As cartas entre F. Scott Fitzgerald e a filha


Alguns filhos de escritores, talvez de tanto estarem entre papeis e livros, se debandam para a mesma profissão do pai; outros têm uma relação mais complexa – sofrem da ausência paterna, afinal, que os escritores são pessoas normais, sim, são, mas o que todos têm em comum é seu mundo paralelo, onde se isola do mundo para a escrita. O gesto de escrever está associado na maioria das vezes a este fechamento; é necessário afastar-se do agito das multidões e enfrentar seus diabos interiores, à torto e à direito, para se querer produzir alguma coisa que valha. Recentemente, Ana Miranda, romancista brasileira, falou desse processo para um programa na SESC TV. E o depoimento dela se confunde com isso que dissemos e se confunde com o sentimento de muitos outros que têm na escrita a labuta pelo trabalho. Há ainda os casos mais complexos: além do ‘abandono’ os filhos de escritores padecem um tanto dos altos e baixos dos pais. O texto a seguir é uma tradução livre de "Com todo su dolor papá Fitzgerald", no El País.

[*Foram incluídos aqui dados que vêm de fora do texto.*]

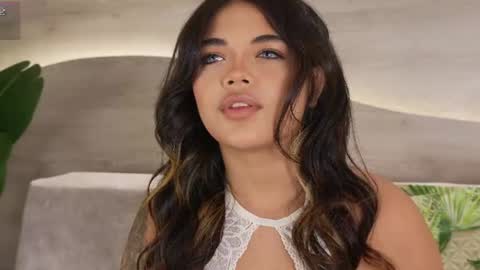 mia_rosalie online show from July 1, 7:00 pm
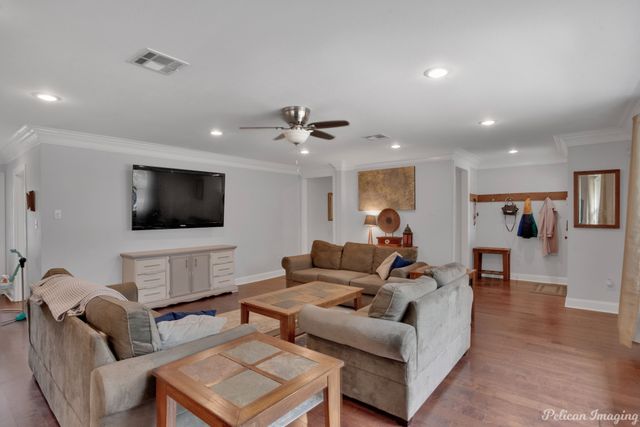 4719 Gilbert Drive, Shreveport, LA 71106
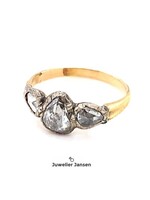 Vintage & Occasion Occasion gouden ring met 3 roosdiamanten in zilveren zetting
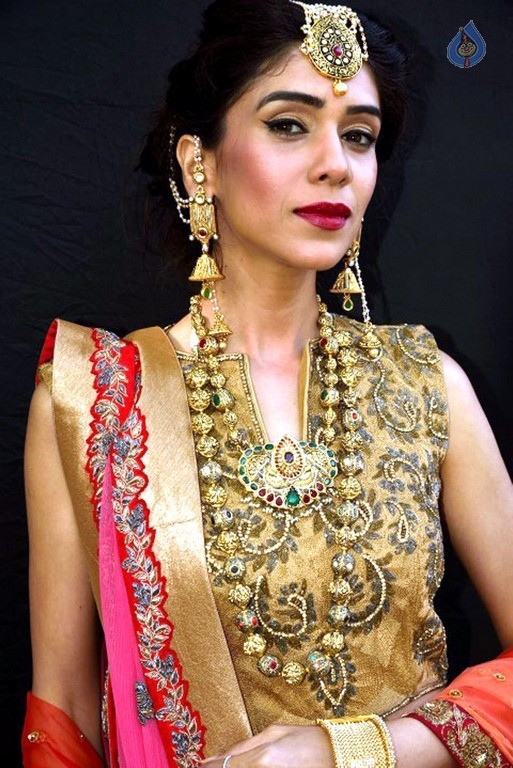 Summer Fashion Bridal Show - 18 / 21 photos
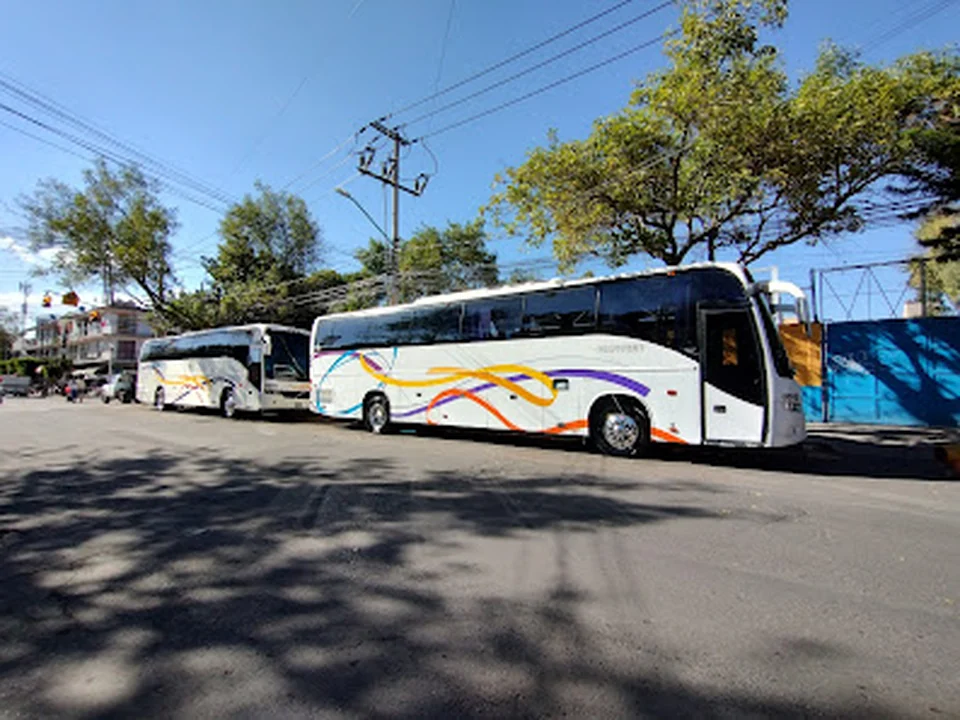 Renta de Autobuses Iztatours, Ciudad de México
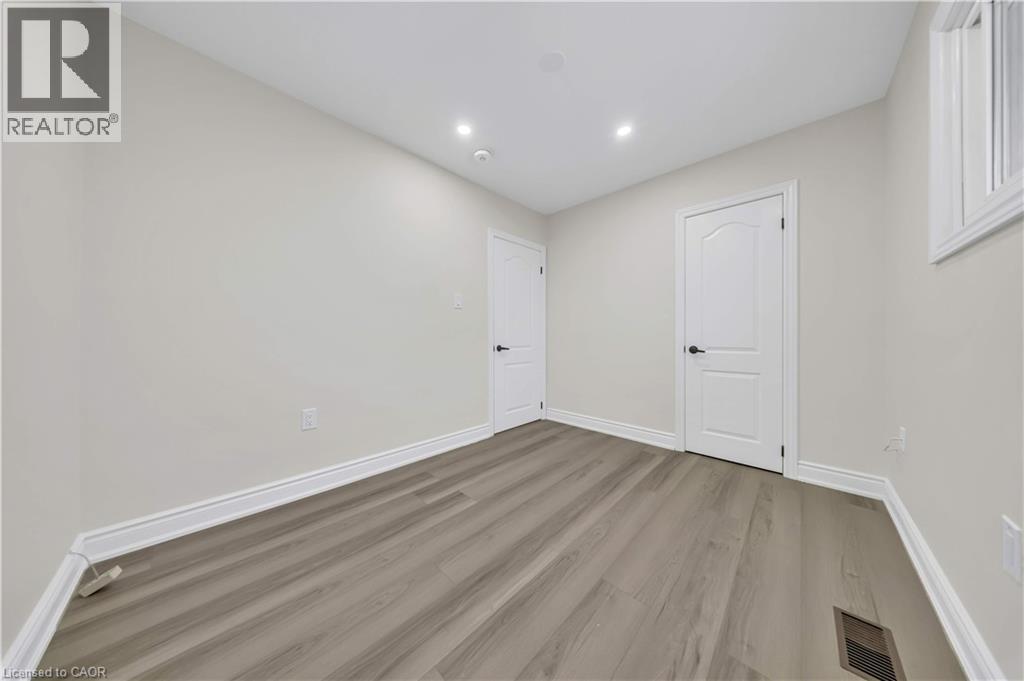 441 West 5th Street, Hamilton, Ontario  L9C 3P5 - Photo 16 - 40851103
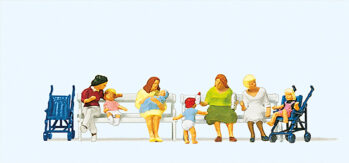 Preiser 10522 - H0 Sitzende Frauen, Kinderwagen, Bänke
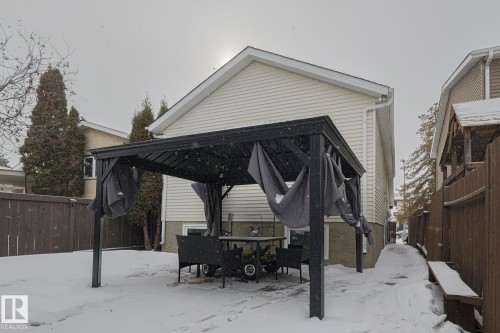 327 Kirkpatrick Crescent, Edmonton, AB - Outdoor With Exterior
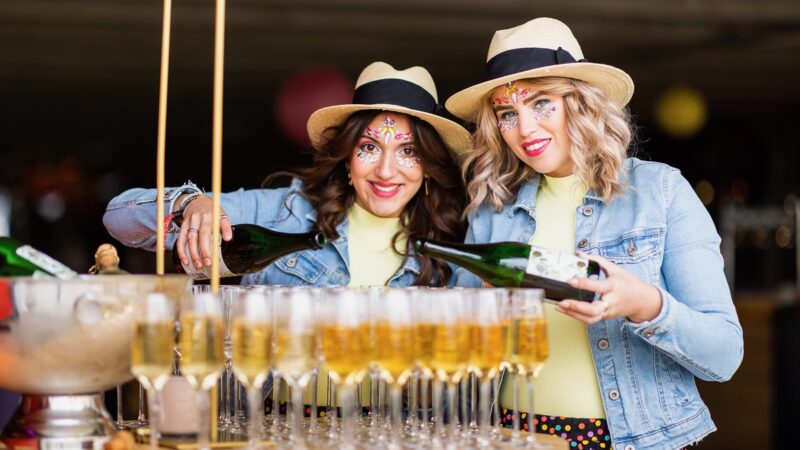 Hutten-Food-Design-hostessen-die-champagne-inschenken - beeld Twycer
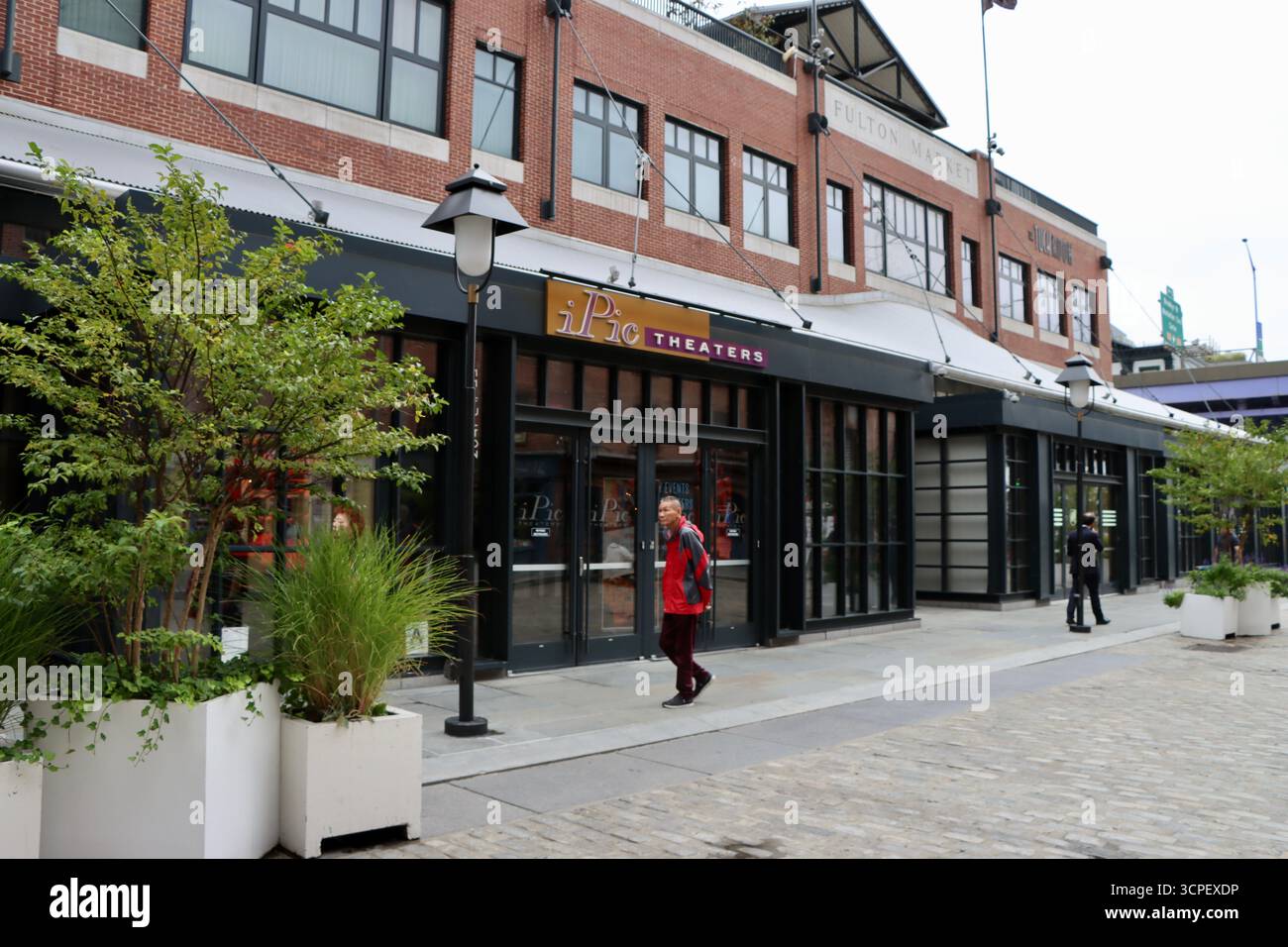 Die IPIC-Kinos im Fulton Market Building in South Street Seaport, Süd-Manhattan, New York City, September 2025 Stockfoto
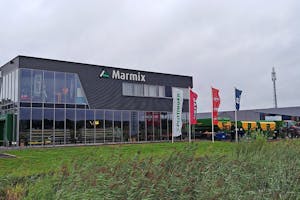Het moderne pand van Marmix sluit per 31 december 2021 de deuren. Alle activiteiten met betrekking tot de voermengwagens gaan naar Abemec. (Foto: Marmix)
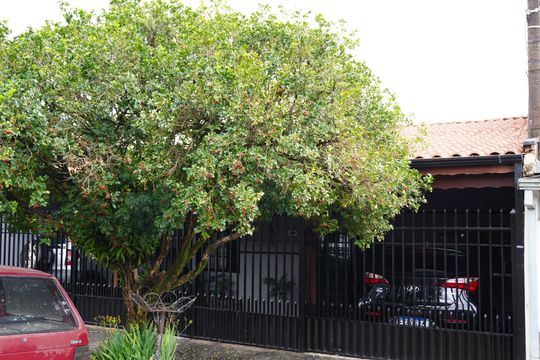 Fachada de casa à venda com 3 quartos, 160m² em Antonio Zanaga, Americana
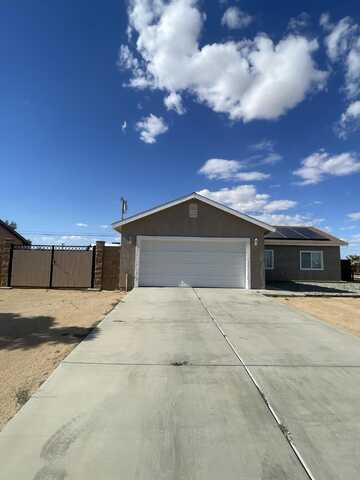 8425 Tamarack Avenue, California City, CA 93505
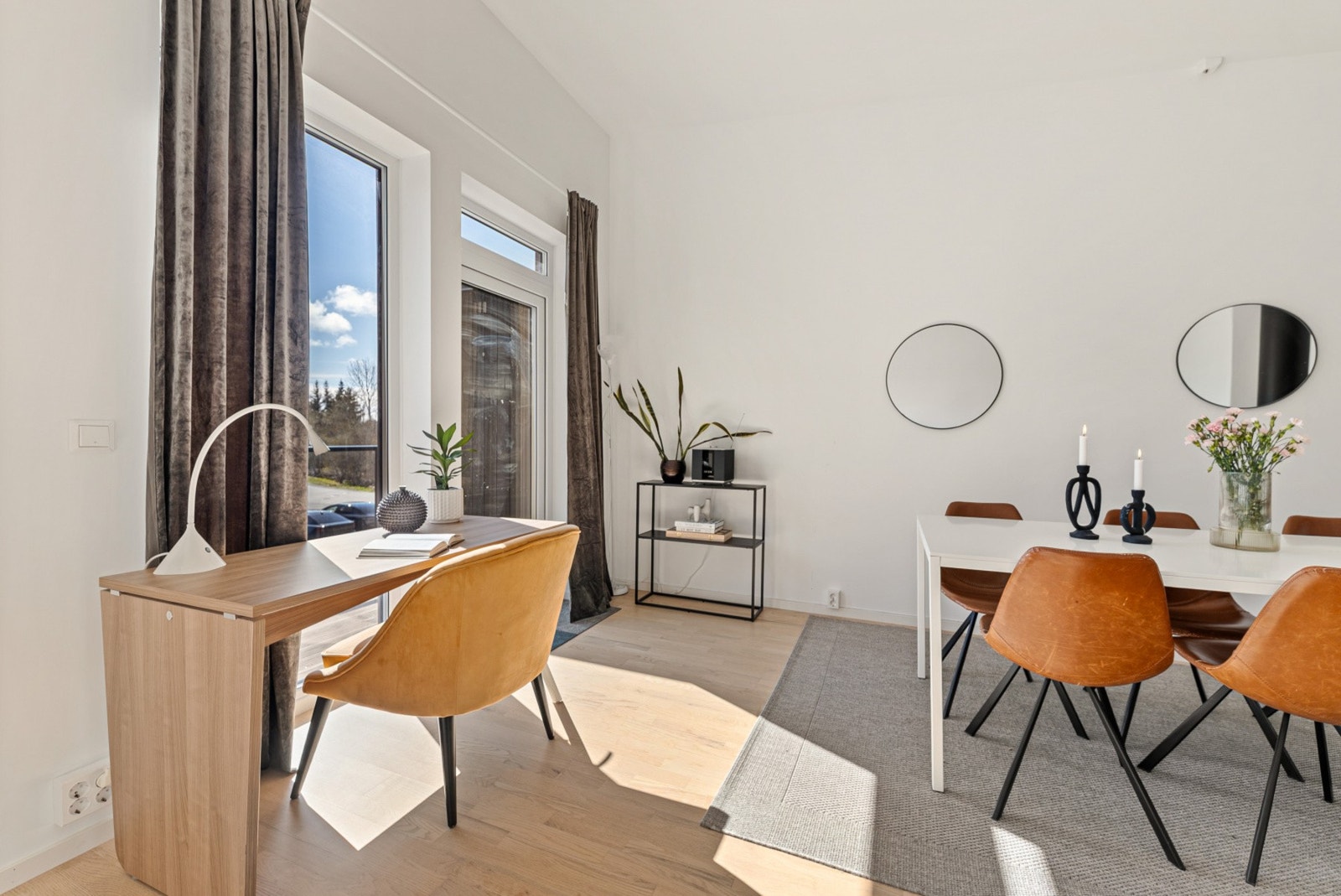 Stuen er romslig og lett å møblere, med god plass til både en komfortabel sofagruppe og et stort spisebord hvor familie og venner kan samles. Galleribilde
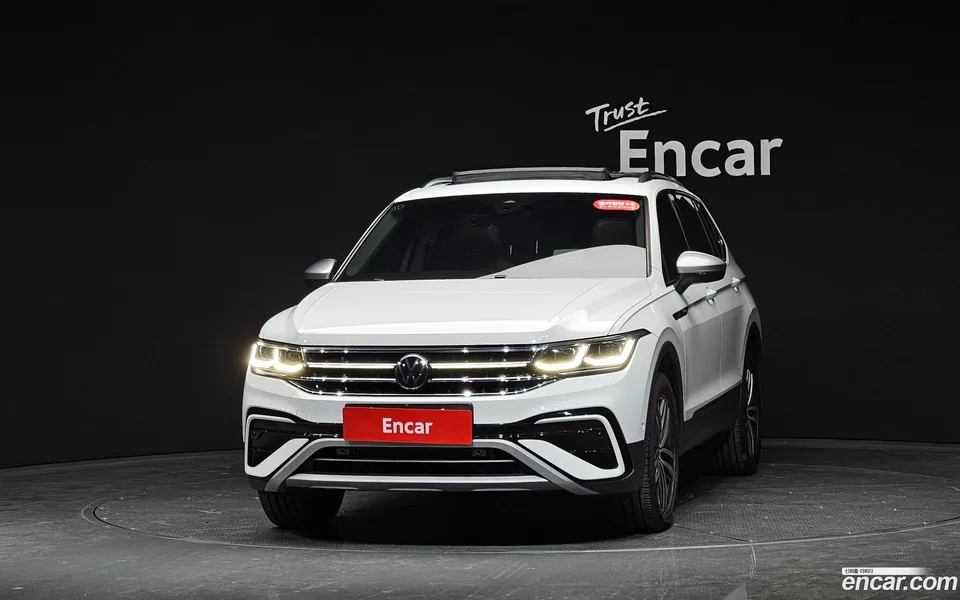 Volkswagen Tiguan Allspace 2.0 TSI 2023 — миниатюра 3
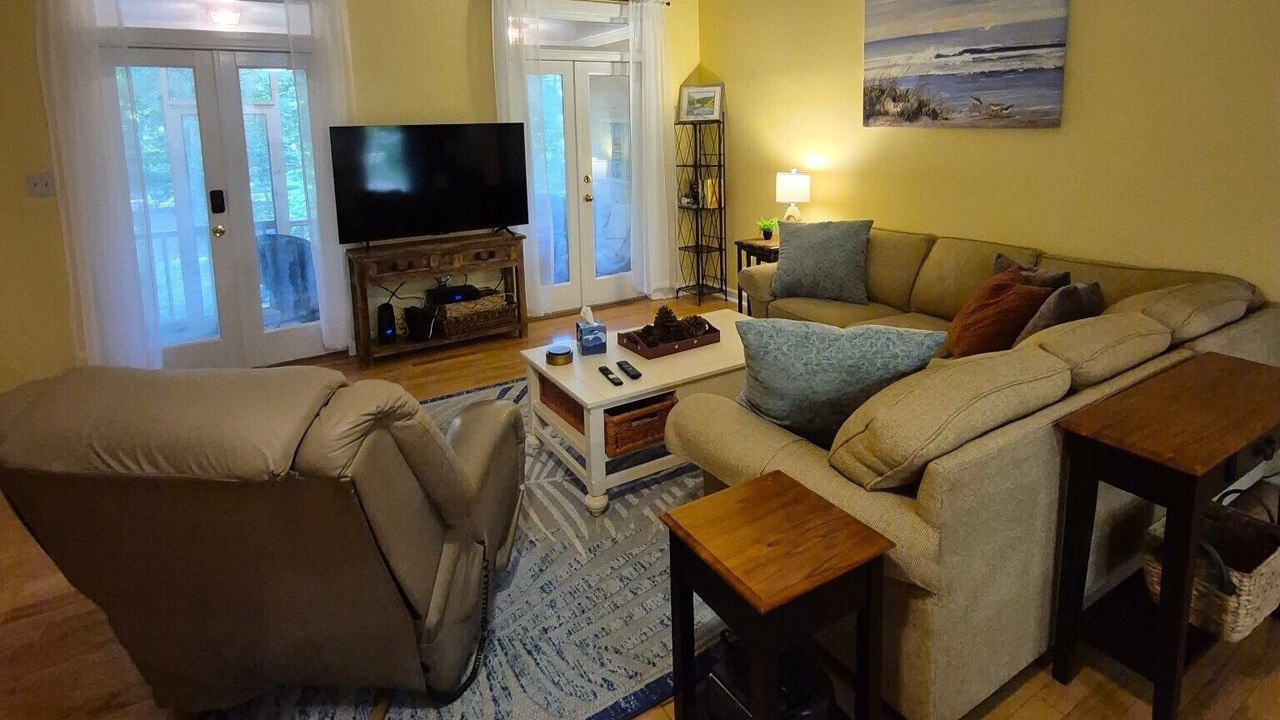 Photo of Bedroom in Murrells Inlet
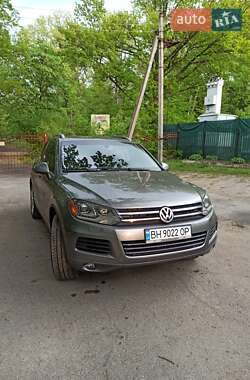 Позашляховик / Кросовер Volkswagen Touareg 2012 в Києві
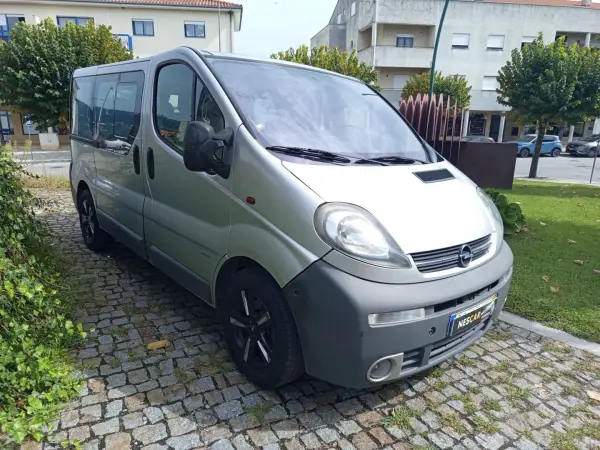 Opel Vivaro 1.9 DTi L1 H1 2003 Diesel — 279 959 km · Viseu Opel Vivaro 1.9 DTi L1 H1 2003 Diesel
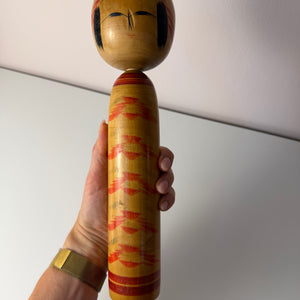 Japanische Kokeshi Holzfigur handbemalt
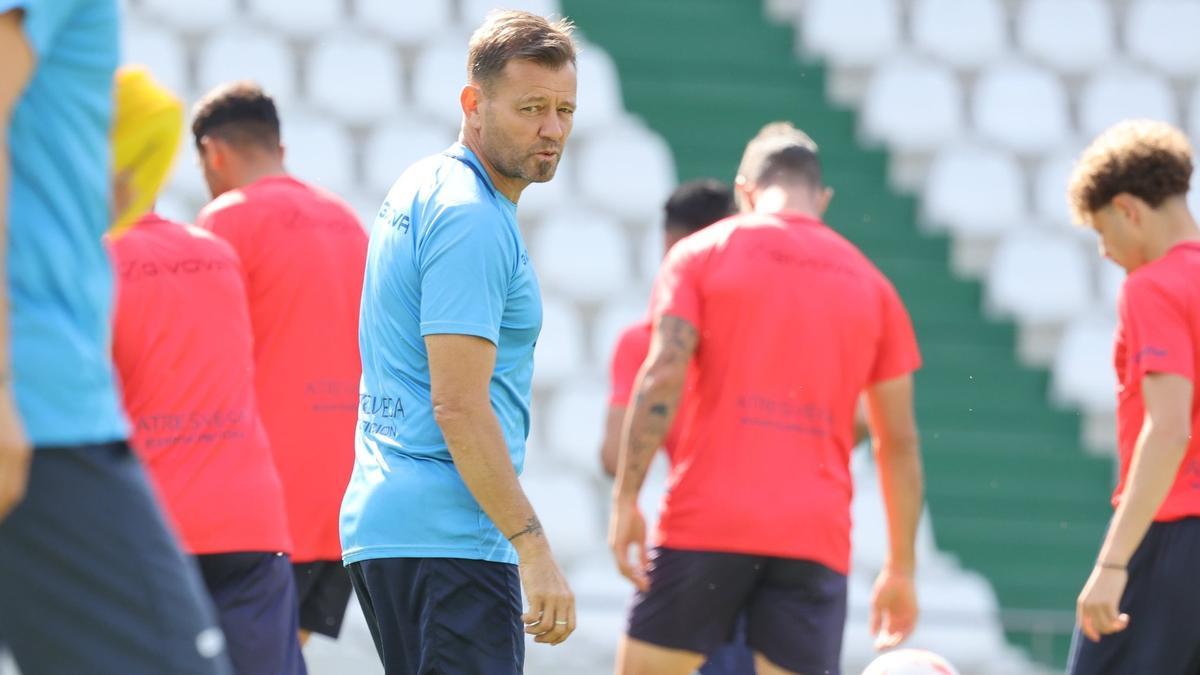 Manuel Mosquera, junto a sus futbolistas en la sesión de trabajo en El Arcángel de este jueves.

F. Scott Fitzgerald com a filha.

No caso de F. Scott Fitzgerald, a rotina demasiadamente complicada entre ele e o mundo de fora da escrita, bem com as situações enfrentadas com Zelda (sugerimos ler essa matéria sobre o escritor estadunidense), não foram suficientes para que sua relação tenha sido abalada. Ao menos, se ele não soube demonstrar pela via comum o amor que nutria pela pupila deu-lhe mais que o necessário para lhe garantir a sobrevivência nesse mundo em descompasso e tão bem compreendido por ele. Os Fitzgerald, o pai principalmente, deu, sobretudo, instinto de sobrevivência. A filha de um dos escritores mais grandes e malogrados da história da literatura pecou pela frialdade como única tábua de salvação frente aos tormentos de seu pai. Não se pode censurar a pequena Scottie, ou Scottina, como às vezes lhe chamava ele, a saudade infantil por uma família mais convencional. Tampouco, que foi uma menina egoísta. Ela mesma o reconhece com dor no prólogo de Cartas a mi hija (Cartas à minha filha, em tradução livre): “Compreendi que só havia uma maneira de sobreviver à sua tragédia, e era ignorá-la.”

Cartas a mi hija reúne pela primeira vez em espanhol a correspondência que Fitzgerald manteve com sua única descendente, desde seu primeiro acampamento de verão até a universidade. São, simplesmente, peças tão sábias, delicadas e desnudas, escritas com tanto amor e compreensão para com ela, com tanta esperança, que o resultado é quase que desolador. Como apontou o escritor Malcolm Cowley numa entrevista ao The New York Times, quando Fitzgerald escreve à sua filha em Vassar, o faz no fundo a si mesmo em Princeton, antes que tudo se acabe fatalmente ou entre em colapso definitivamente. “Na vida, apenas acredito nas recompensas pela virtude e nos castigos por não cumprir com suas obrigações, que sem dúvidas se pagam caros”, lhe escreveu no verão de 1933. “Pedirás à senhora Tyson que te deixe ver um soneto de Shakespeare onde se lê, ‘O lírio que se apodrece cheira pior que a selva?’”.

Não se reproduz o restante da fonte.